Subpart C--Requirements and Standards for Listing Security Futures
Products

0
3. Amend Sec.  41.21 by:
0
a. Removing ``or'' at the end of paragraph (a)(2)(i);
0
b. Removing ``; and,'' at the end of paragarph (a)(2)(ii) and adding
``, or'' in its place;
0
c. Adding paragrahph (a)(2)(iii);
0
d. Removing ``or'' at the end of paragraph (b)(3)(i);
0
e. Removing ``; and,'' at the end of paragraph (b)(3)(ii) and adding
``, or'' in its place; and
0
f.

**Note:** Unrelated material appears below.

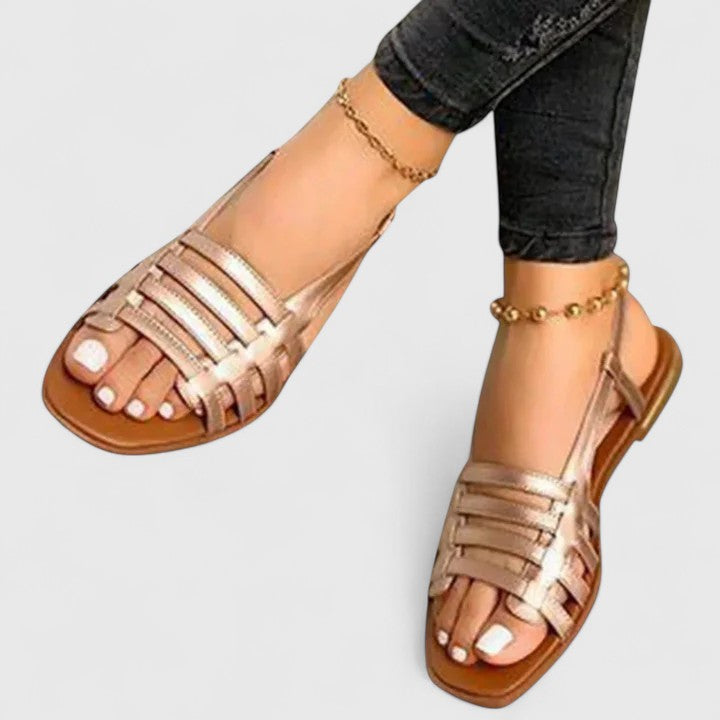 Comfortable women's flat sandals feature metallic woven straps, open toe design & slingback for effortless summer boho style.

Adding paragarph (b)(3)(iii).
    The revisions and additions read as follows:


Sec.  41.21   Requirements for underlying securities.

    (a) * * *
    (2) * * *
    (iii) A note, bond, debenture, or evidence of indebtedness; and
* * * * *
    (b) * * *
    (3) * * *
    (iii) A note, bond, debenture, or evidence of indebtedness; and
* * * * *

Securities and Exchange Commission

0
In accordance with the foregoing, Title 17, chapter II, part 240 of the
Code of Federal Regulations is amended as follows:

PART 240--GENERAL RULES AND REGULATIONS, SECURITIES EXCHANGE ACT OF
1934

0
1. The authority citation for part 240 continues to read, in part, as
follows:

    Authority: 15 U.S.C. 77c, 77d, 77g, 77j, 77s, 77z-2, 77z-3,
77eee, 77ggg, 77nnn, 77sss, 77ttt, 78c, 78d, 78e, 78f, 78g, 78i,
78j, 78j-1, 78k, 78k-1, 78l, 78m, 78n, 78o, 78p, 78q, 78s, 78u-5,
78w, 78x, 78ll, 78mm, 79q, 79t, 80a-20, 80a-23, 80a-29, 80a-37, 80b-
3, 80b-4, 80b-11, and 7201 et seq.; and 18 U.S.C. 1350, unless
otherwise noted.
* * * * *

0
2. Section 240.3a55-4 is added to read as follows:


Sec.  240.3a55-4  Exclusion from definition of narrow-based security
index for indexes composed of debt securities.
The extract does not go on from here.